Stored items from a collection:

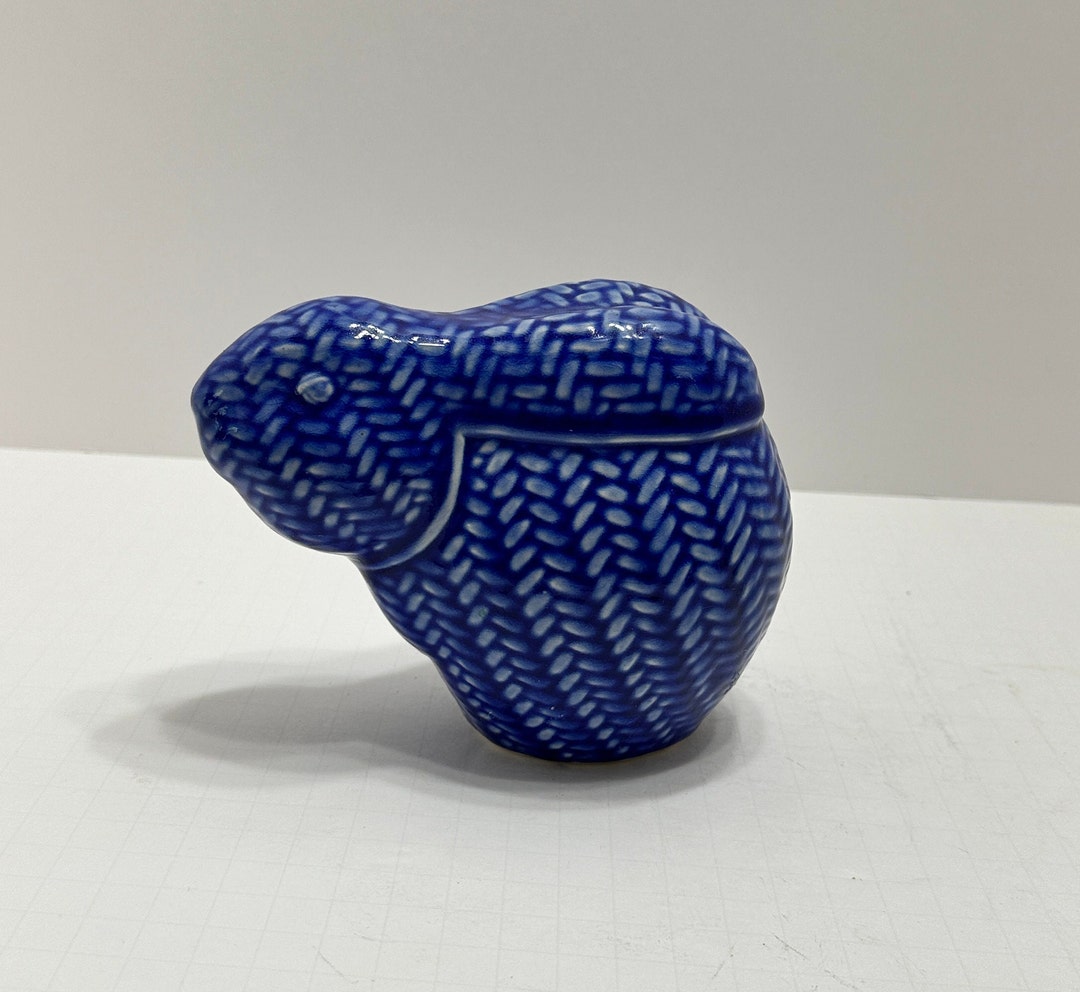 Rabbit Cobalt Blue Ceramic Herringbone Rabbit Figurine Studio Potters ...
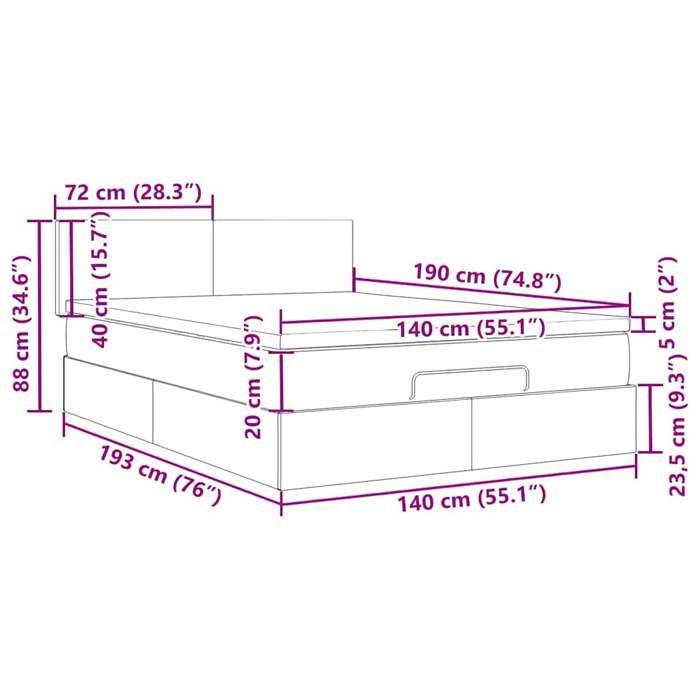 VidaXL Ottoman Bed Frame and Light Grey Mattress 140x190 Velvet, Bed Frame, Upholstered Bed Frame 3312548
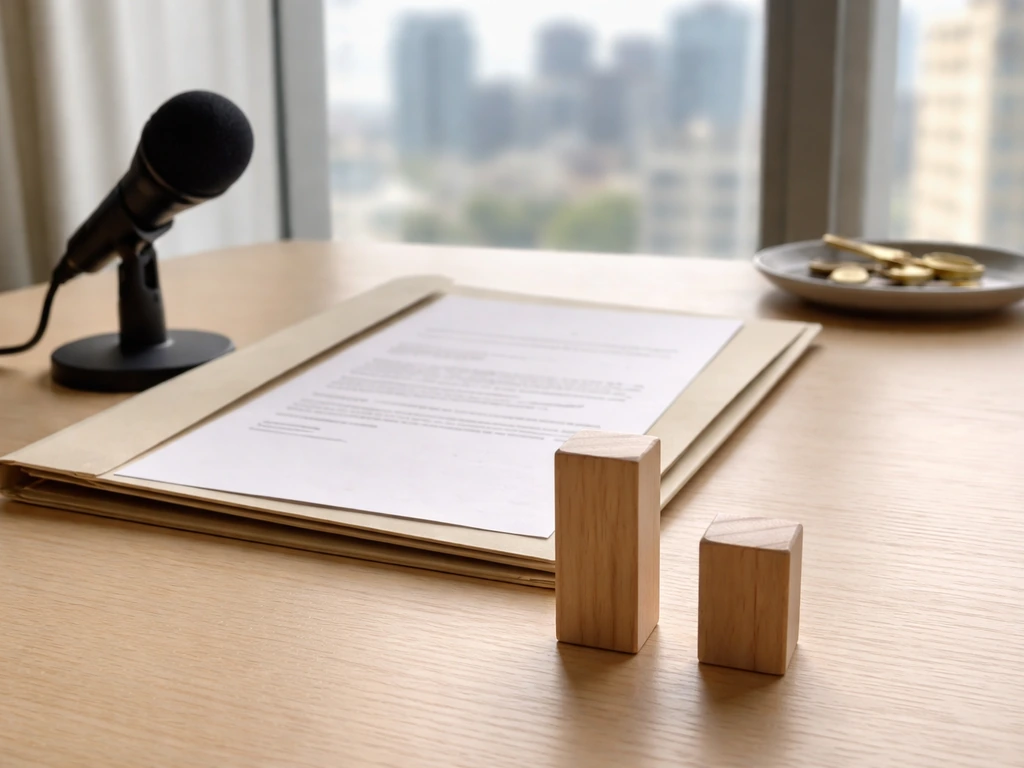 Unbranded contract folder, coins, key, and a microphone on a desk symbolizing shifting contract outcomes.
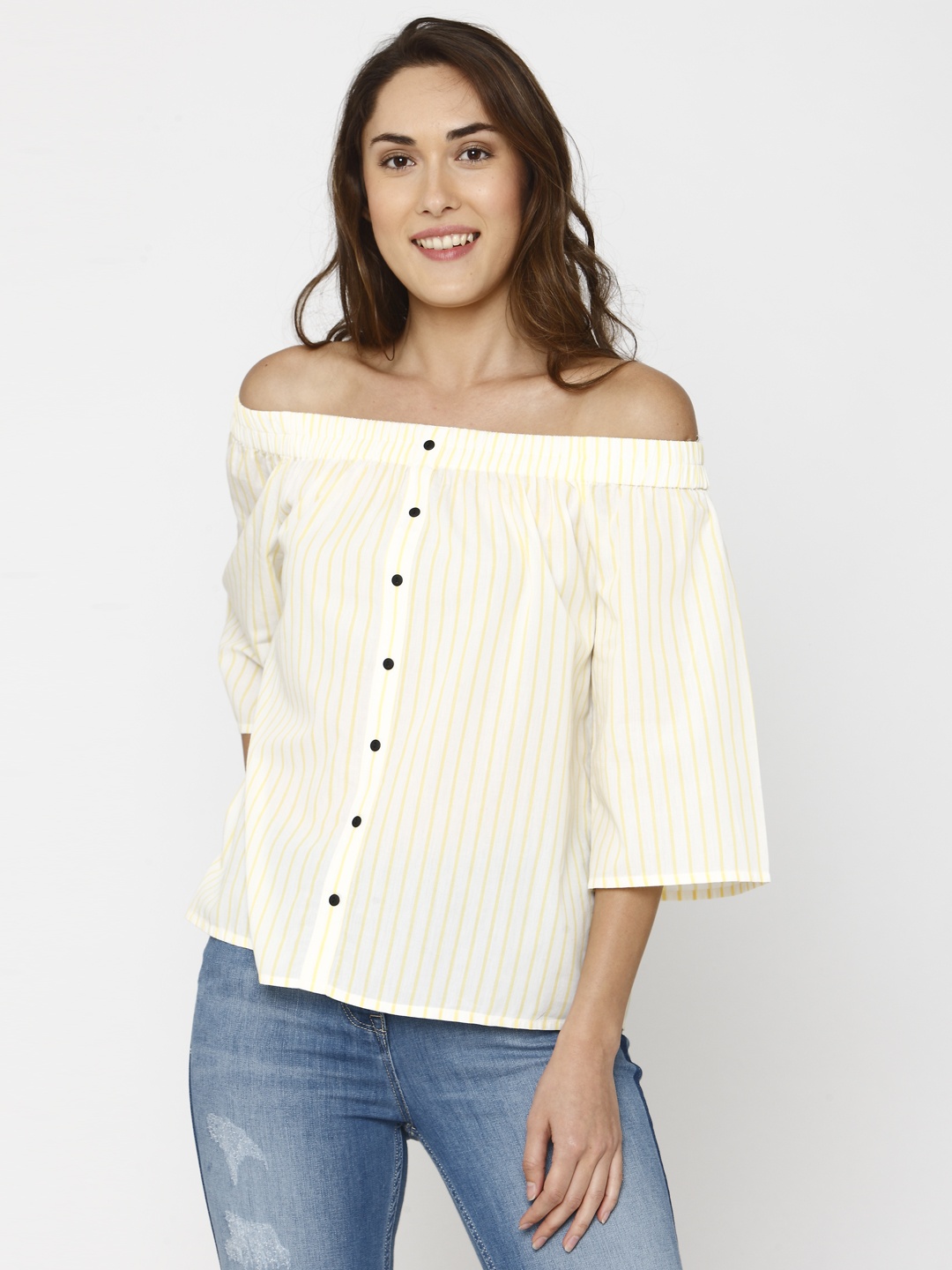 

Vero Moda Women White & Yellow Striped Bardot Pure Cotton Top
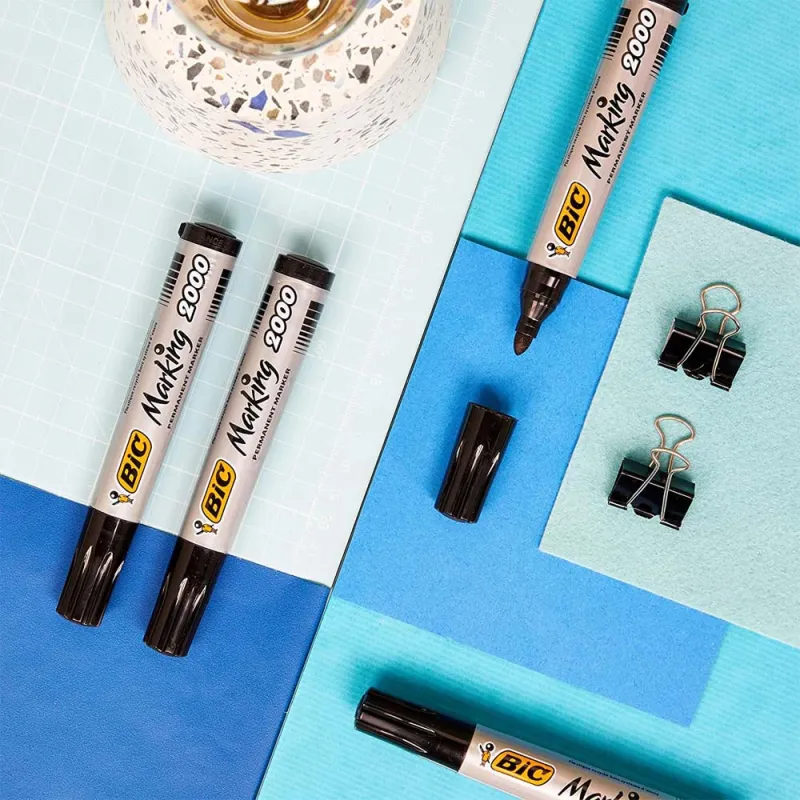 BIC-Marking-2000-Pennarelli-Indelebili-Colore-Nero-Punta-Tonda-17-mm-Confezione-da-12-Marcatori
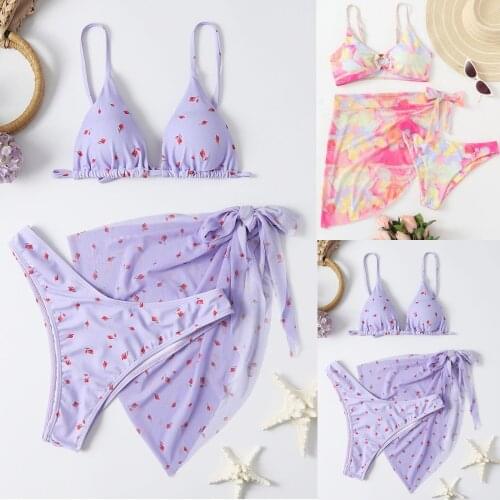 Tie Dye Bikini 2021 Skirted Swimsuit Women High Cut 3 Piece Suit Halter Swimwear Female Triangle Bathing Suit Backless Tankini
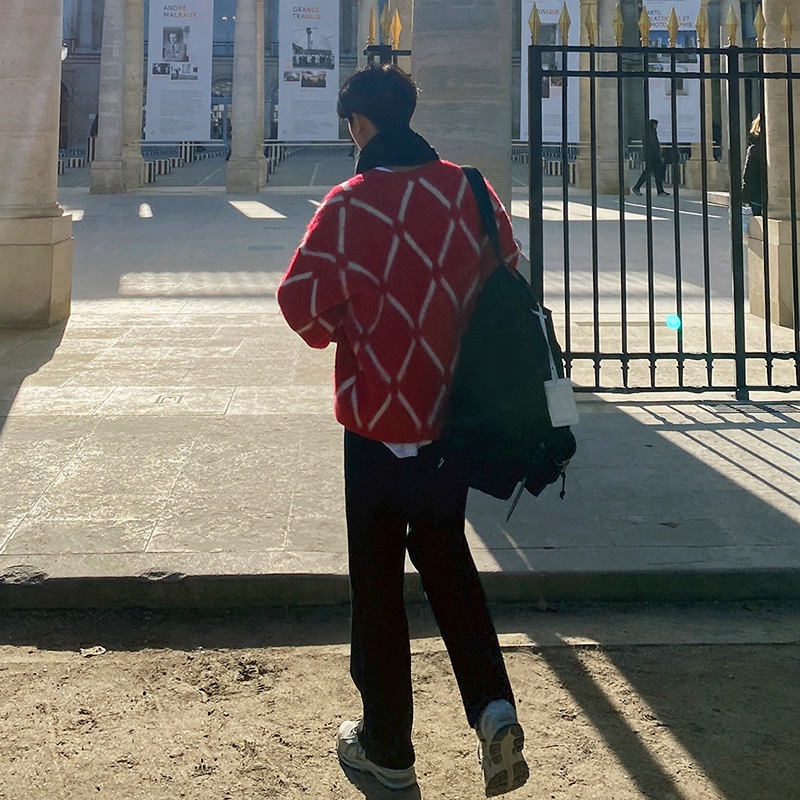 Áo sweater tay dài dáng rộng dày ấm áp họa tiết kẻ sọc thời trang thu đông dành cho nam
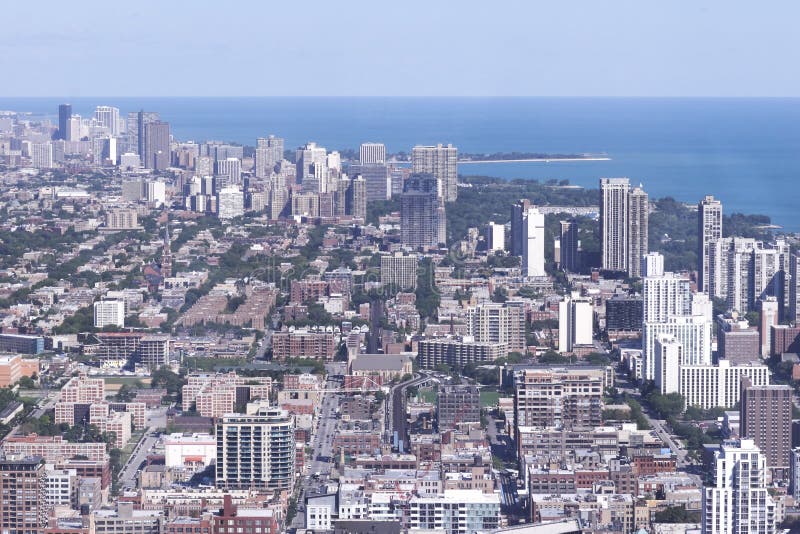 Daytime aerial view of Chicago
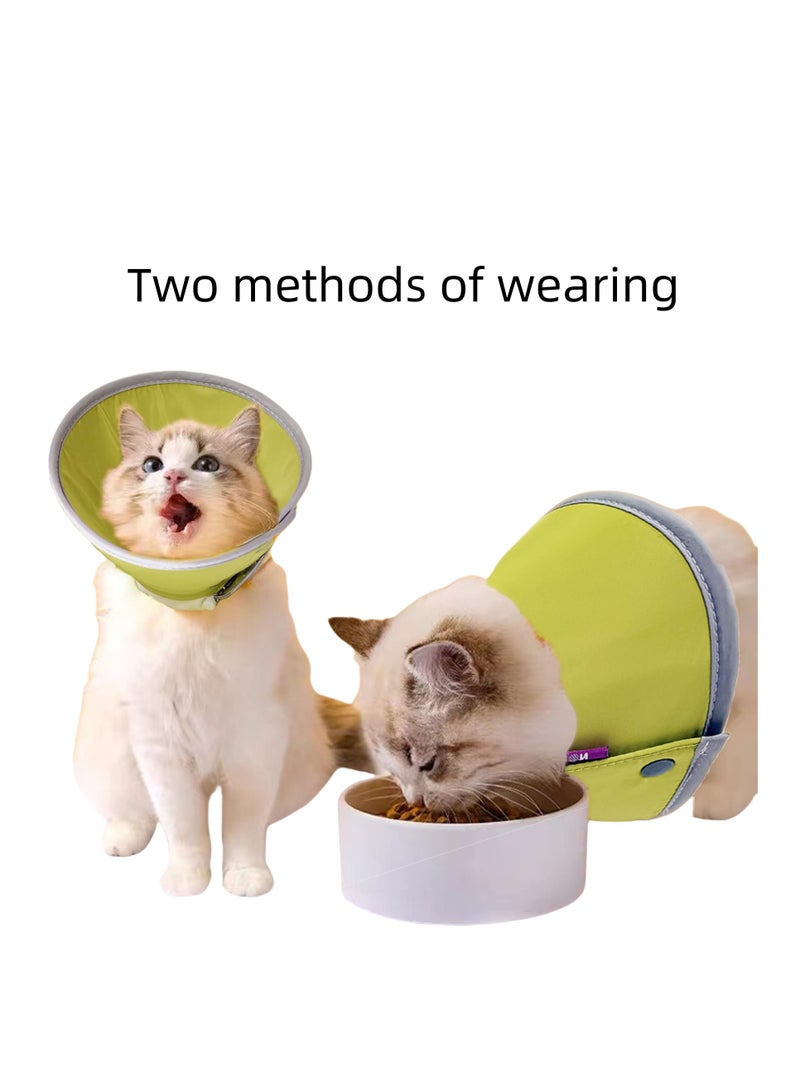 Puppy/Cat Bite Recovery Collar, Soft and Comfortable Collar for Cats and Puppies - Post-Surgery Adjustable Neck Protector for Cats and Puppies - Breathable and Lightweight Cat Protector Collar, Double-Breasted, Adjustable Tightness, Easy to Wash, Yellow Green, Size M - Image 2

What is required:
Each line from the one that contains "Áo sweater tay" down to the one that contains "Daytime aerial view of Chicago" is to be returned exactly as it stands above, both ends included, with pictures removed.

Task output:
 Áo sweater tay dài dáng rộng dày ấm áp họa tiết kẻ sọc thời trang thu đông dành cho nam
 Daytime aerial view of Chicago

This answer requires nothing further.